WHAT IS BEING ASKED:
Apart from the images, repeat the data below exactly as written.

(Web page caption snippets)
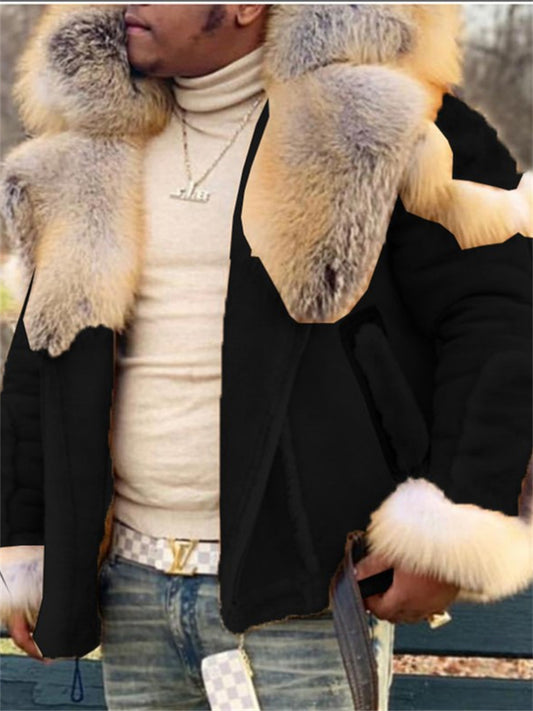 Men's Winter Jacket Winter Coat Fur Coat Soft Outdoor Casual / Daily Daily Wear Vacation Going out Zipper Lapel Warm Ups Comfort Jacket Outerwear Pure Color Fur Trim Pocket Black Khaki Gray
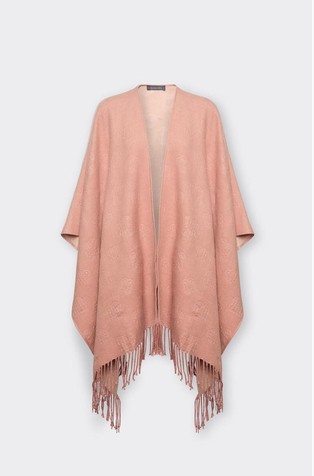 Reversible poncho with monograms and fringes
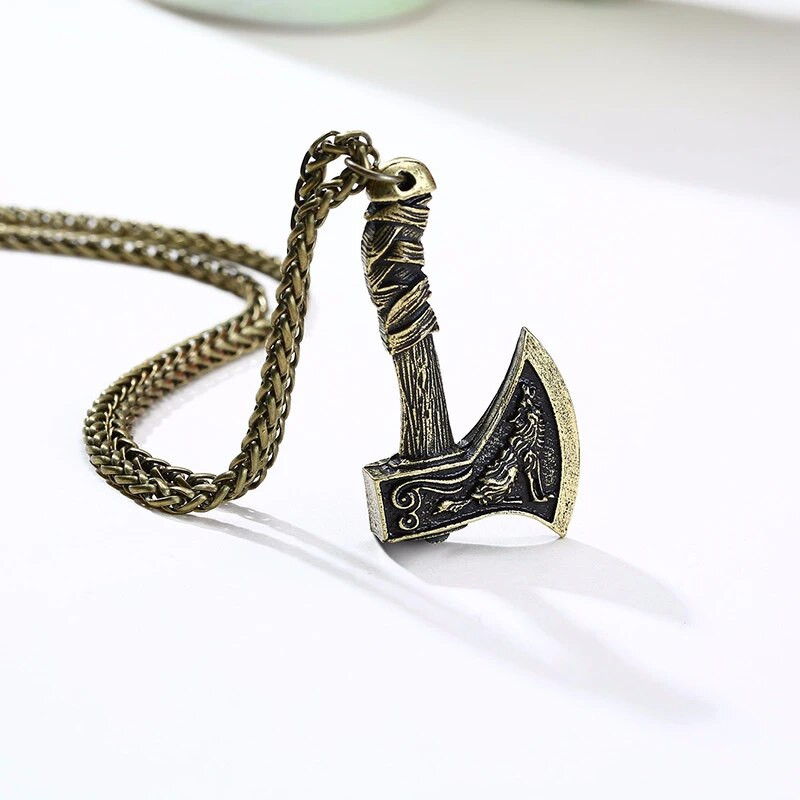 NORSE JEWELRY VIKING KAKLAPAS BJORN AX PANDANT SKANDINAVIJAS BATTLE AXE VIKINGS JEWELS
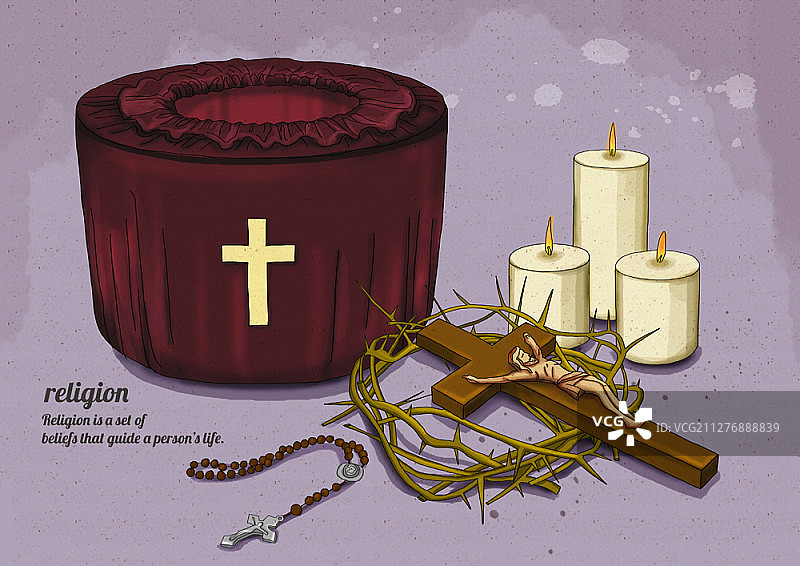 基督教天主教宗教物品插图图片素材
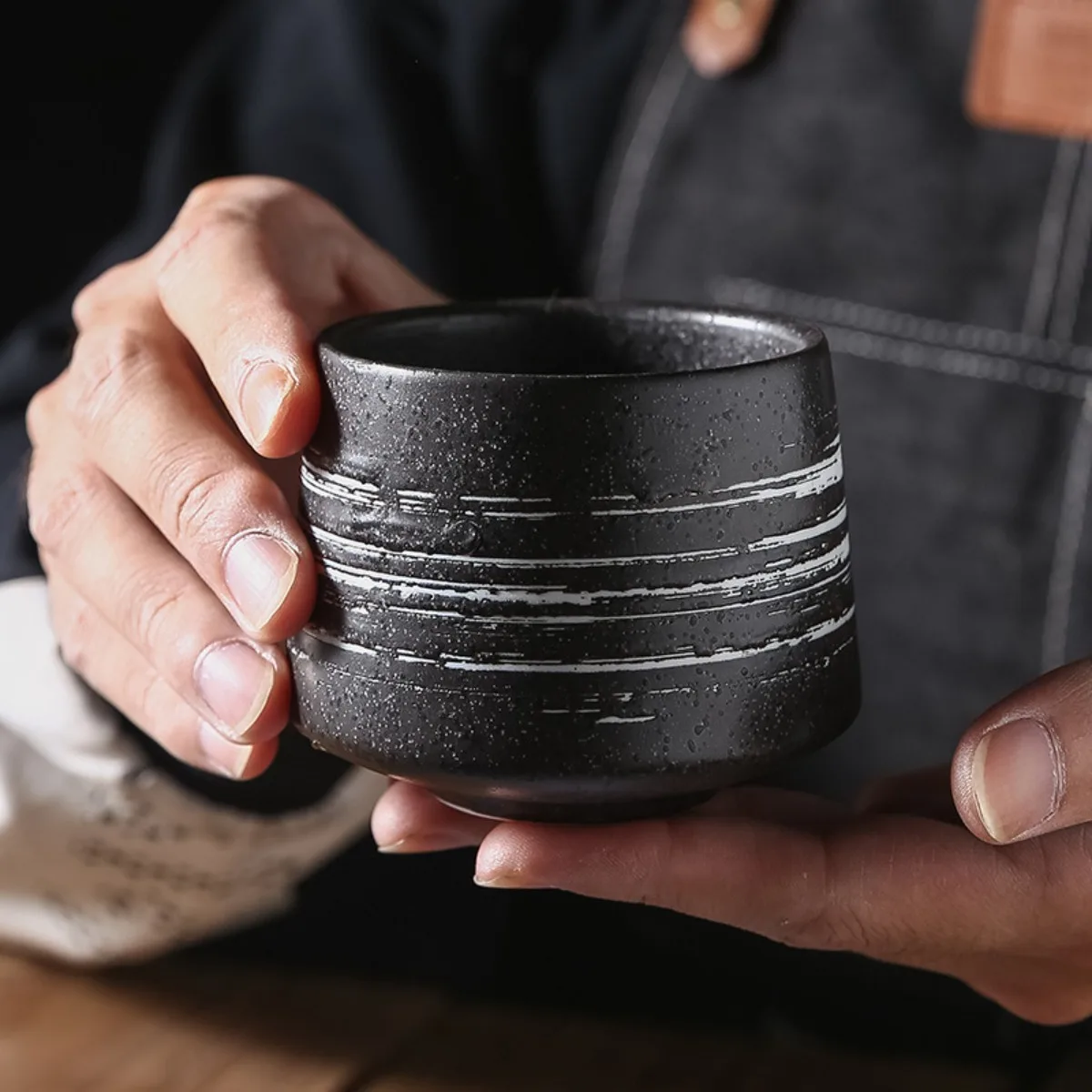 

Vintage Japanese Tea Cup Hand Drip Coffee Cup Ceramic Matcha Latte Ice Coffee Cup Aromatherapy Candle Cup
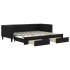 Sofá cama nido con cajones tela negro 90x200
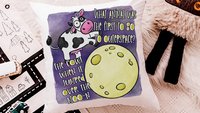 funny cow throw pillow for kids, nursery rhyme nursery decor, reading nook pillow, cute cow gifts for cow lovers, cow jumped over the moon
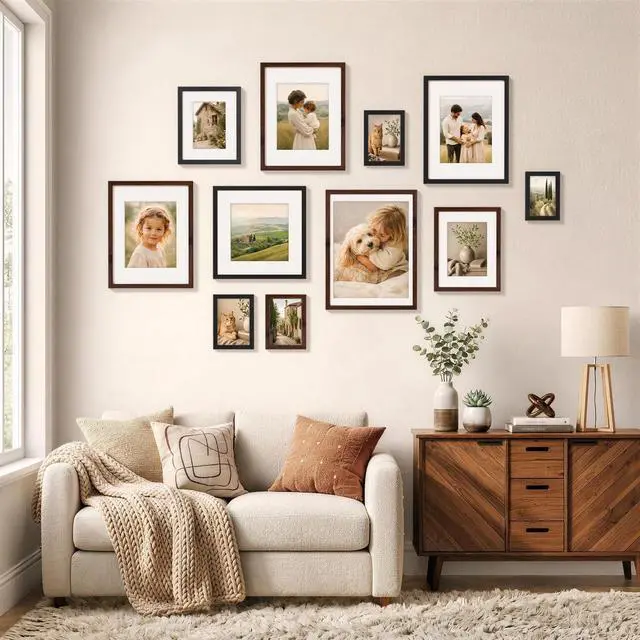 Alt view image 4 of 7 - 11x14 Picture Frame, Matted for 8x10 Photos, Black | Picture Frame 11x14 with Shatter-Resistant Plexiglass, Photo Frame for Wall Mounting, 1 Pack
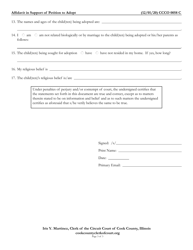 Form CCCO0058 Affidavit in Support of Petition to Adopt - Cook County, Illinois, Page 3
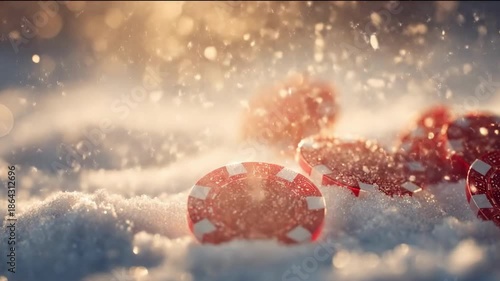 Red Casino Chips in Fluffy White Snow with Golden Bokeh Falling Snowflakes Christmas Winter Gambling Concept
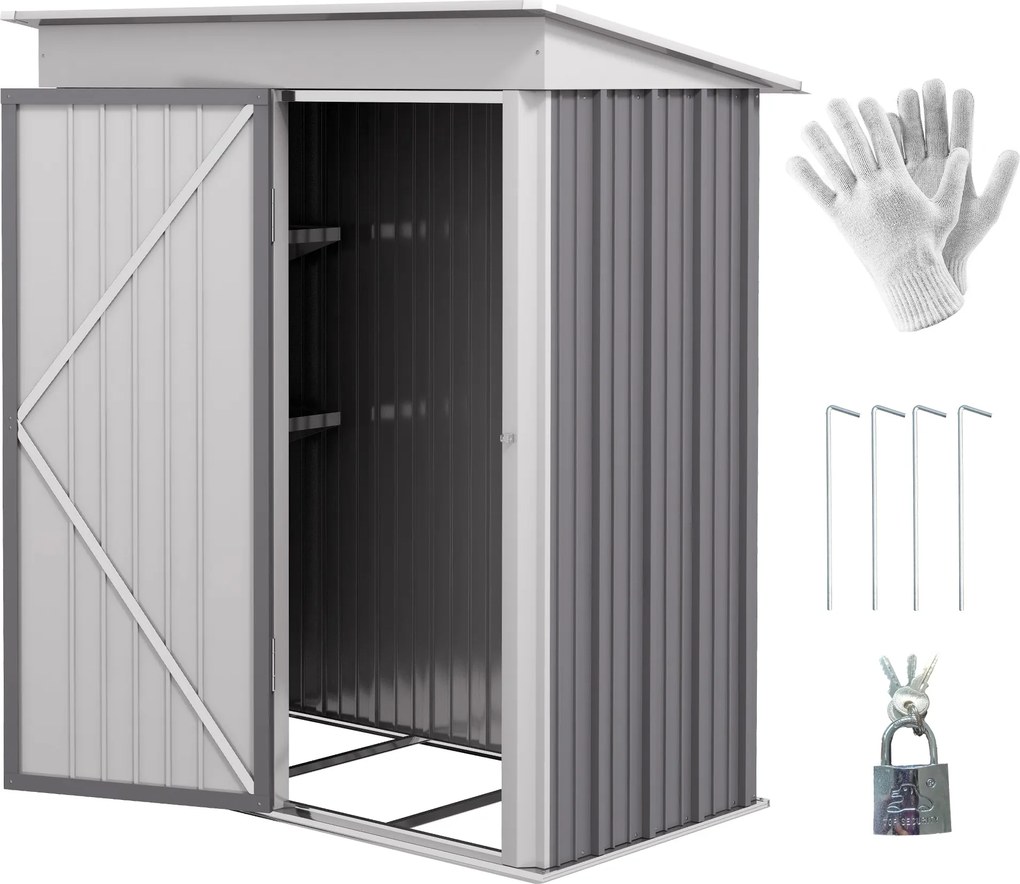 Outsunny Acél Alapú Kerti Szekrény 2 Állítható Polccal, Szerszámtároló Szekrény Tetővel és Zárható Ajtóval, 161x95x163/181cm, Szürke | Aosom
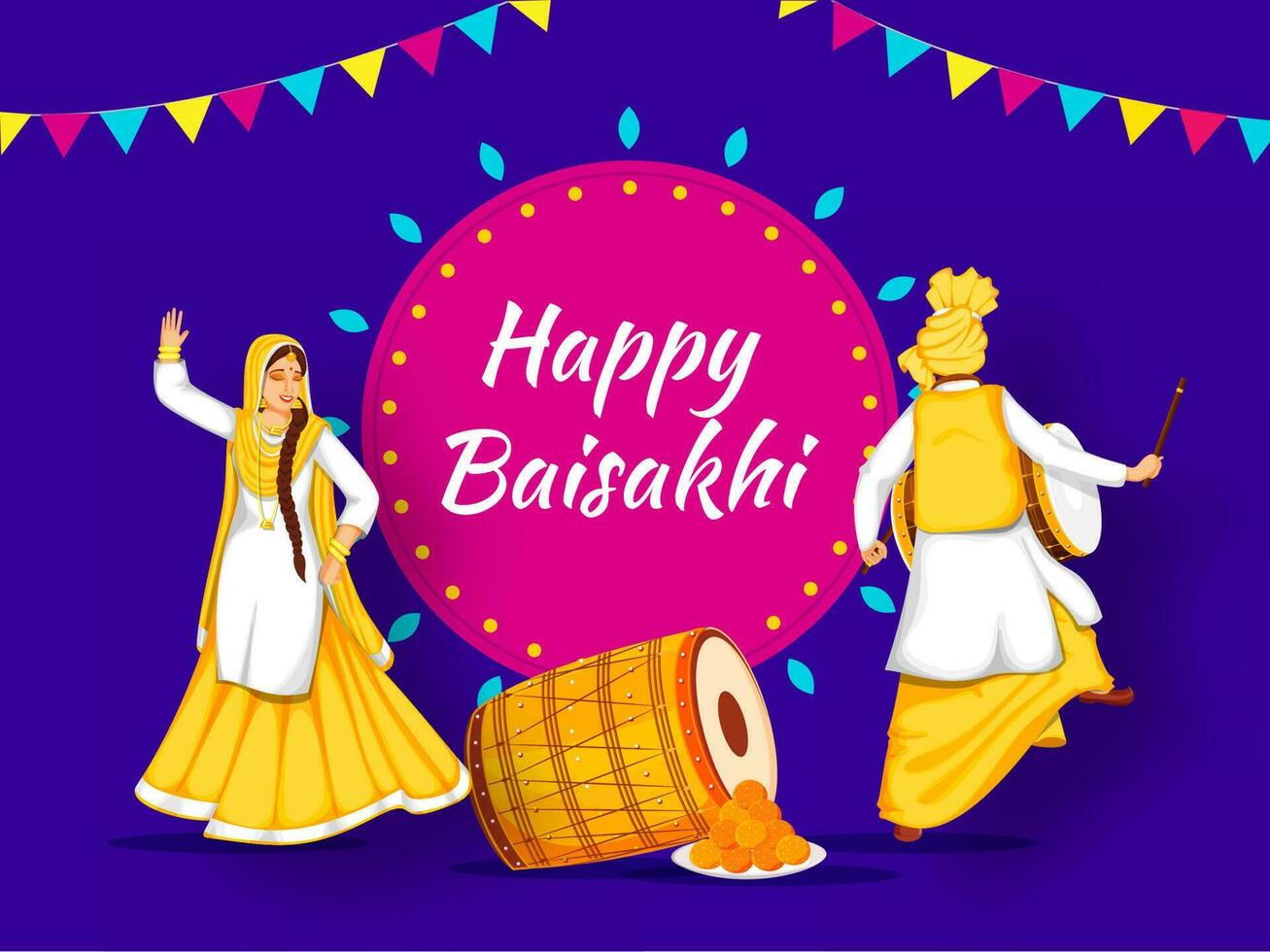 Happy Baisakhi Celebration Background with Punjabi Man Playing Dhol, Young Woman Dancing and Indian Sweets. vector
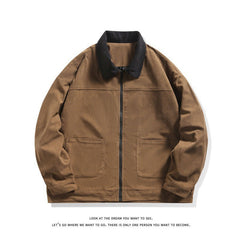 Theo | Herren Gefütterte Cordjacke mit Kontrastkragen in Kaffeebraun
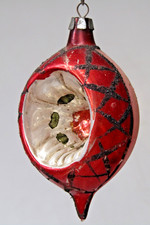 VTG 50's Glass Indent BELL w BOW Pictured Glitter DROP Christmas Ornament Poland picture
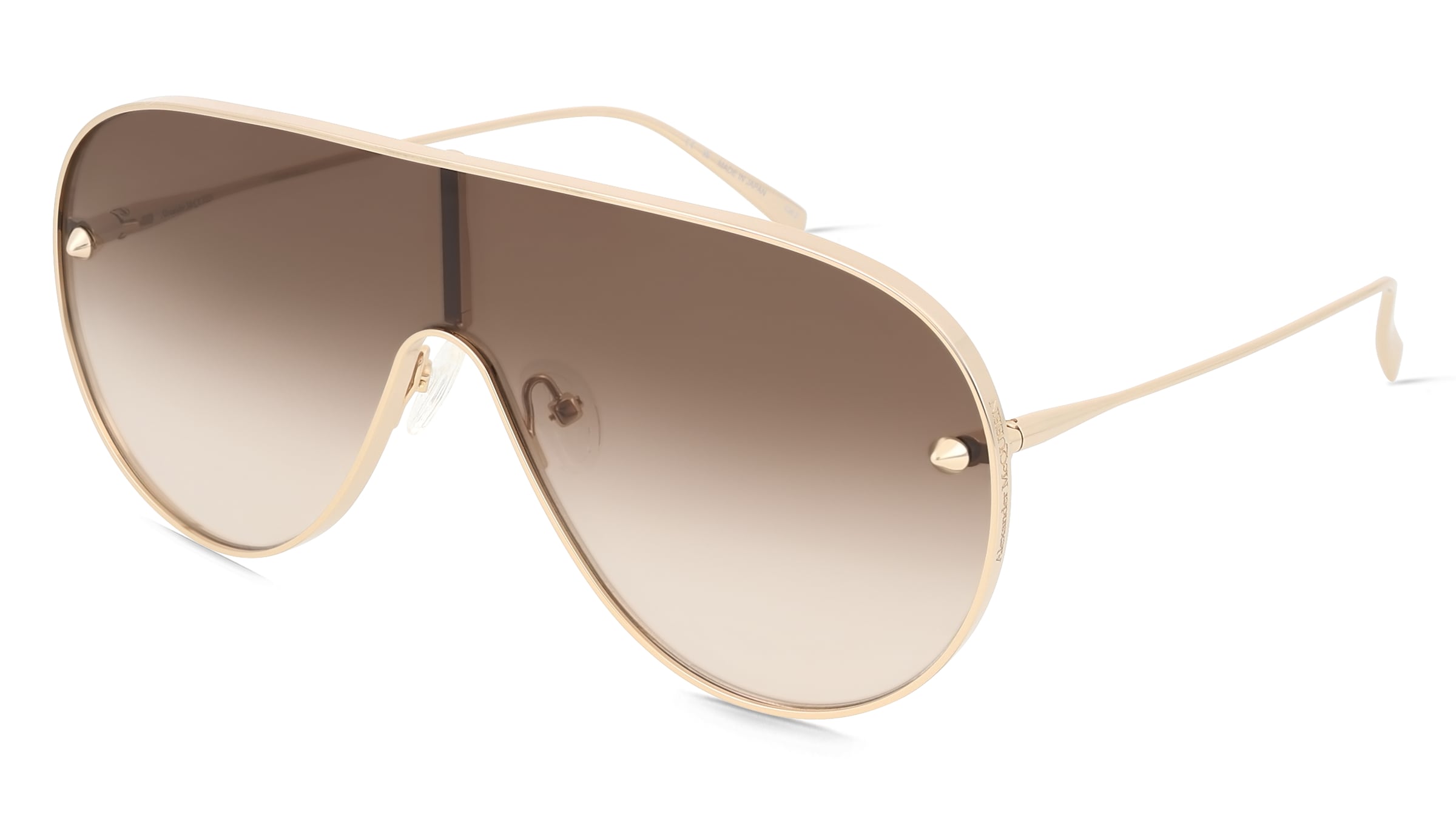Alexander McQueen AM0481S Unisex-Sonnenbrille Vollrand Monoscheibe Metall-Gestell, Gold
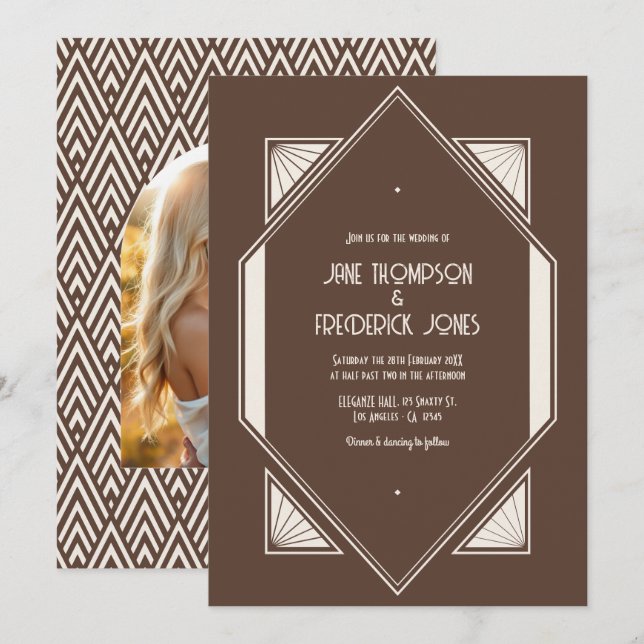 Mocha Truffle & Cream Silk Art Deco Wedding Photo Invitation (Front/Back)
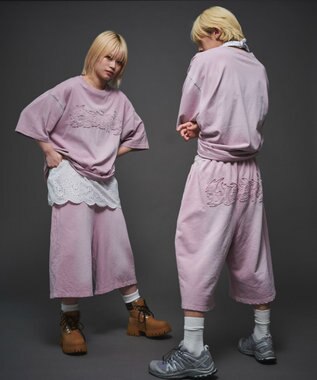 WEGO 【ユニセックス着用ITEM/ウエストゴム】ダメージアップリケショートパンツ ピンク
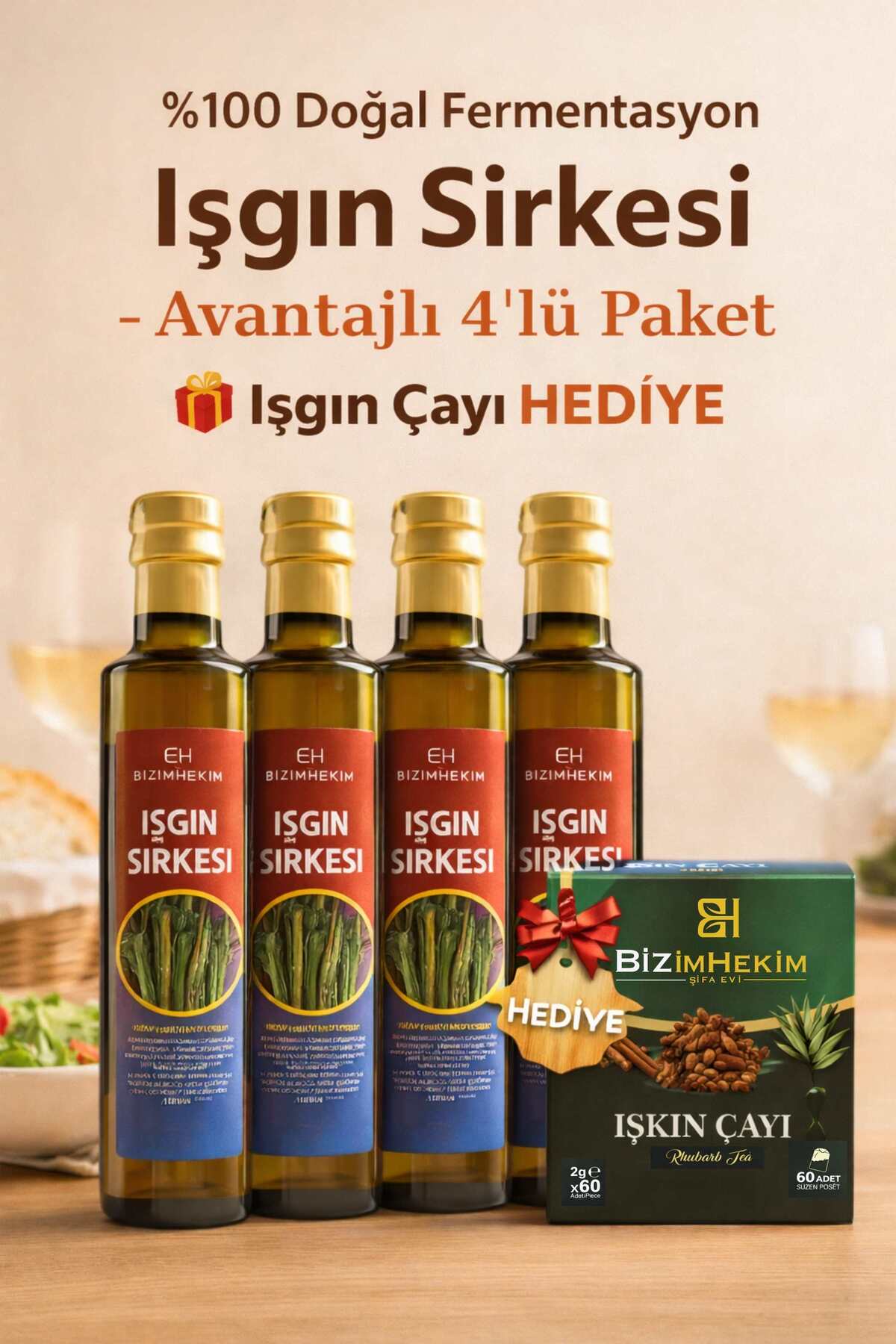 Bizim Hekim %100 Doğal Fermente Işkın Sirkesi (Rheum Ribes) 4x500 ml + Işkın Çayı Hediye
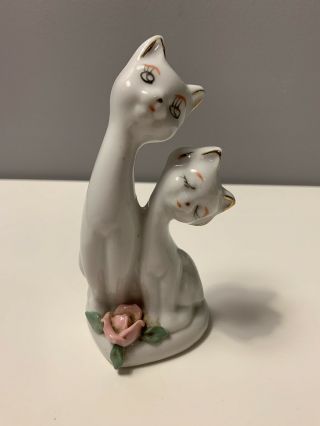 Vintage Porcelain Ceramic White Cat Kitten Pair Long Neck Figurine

ANSWER BOX:
 Men's Winter Jacket Winter Coat Fur Coat Soft Outdoor Casual / Daily Daily Wear Vacation Going out Zipper Lapel Warm Ups Comfort Jacket Outerwear Pure Color Fur Trim Pocket Black Khaki Gray
 Reversible poncho with monograms and fringes
 NORSE JEWELRY VIKING KAKLAPAS BJORN AX PANDANT SKANDINAVIJAS BATTLE AXE VIKINGS JEWELS
 基督教天主教宗教物品插图图片素材

Vintage Japanese Tea Cup Hand Drip Coffee Cup Ceramic Matcha Latte Ice Coffee Cup Aromatherapy Candle Cup
 Sofá cama nido con cajones tela negro 90x200
 funny cow throw pillow for kids, nursery rhyme nursery decor, reading nook pillow, cute cow gifts for cow lovers, cow jumped over the moon
 Alt view image 4 of 7 - 11x14 Picture Frame, Matted for 8x10 Photos, Black | Picture Frame 11x14 with Shatter-Resistant Plexiglass, Photo Frame for Wall Mounting, 1 Pack
 Form CCCO0058 Affidavit in Support of Petition to Adopt - Cook County, Illinois, Page 3
 Red Casino Chips in Fluffy White Snow with Golden Bokeh Falling Snowflakes Christmas Winter Gambling Concept
 Outsunny Acél Alapú Kerti Szekrény 2 Állítható Polccal, Szerszámtároló Szekrény Tetővel és Zárható Ajtóval, 161x95x163/181cm, Szürke | Aosom
 Happy Baisakhi Celebration Background with Punjabi Man Playing Dhol, Young Woman Dancing and Indian Sweets. vector
 Theo | Herren Gefütterte Cordjacke mit Kontrastkragen in Kaffeebraun
 VTG 50's Glass Indent BELL w BOW Pictured Glitter DROP Christmas Ornament Poland picture
Alexander McQueen AM0481S Unisex-Sonnenbrille Vollrand Monoscheibe Metall-Gestell, Gold
 Mocha Truffle & Cream Silk Art Deco Wedding Photo Invitation (Front/Back)
 WEGO 【ユニセックス着用ITEM/ウエストゴム】ダメージアップリケショートパンツ ピンク
 Bizim Hekim %100 Doğal Fermente Işkın Sirkesi (Rheum Ribes) 4x500 ml + Işkın Çayı Hediye
 Vintage Porcelain Ceramic White Cat Kitten Pair Long Neck Figurine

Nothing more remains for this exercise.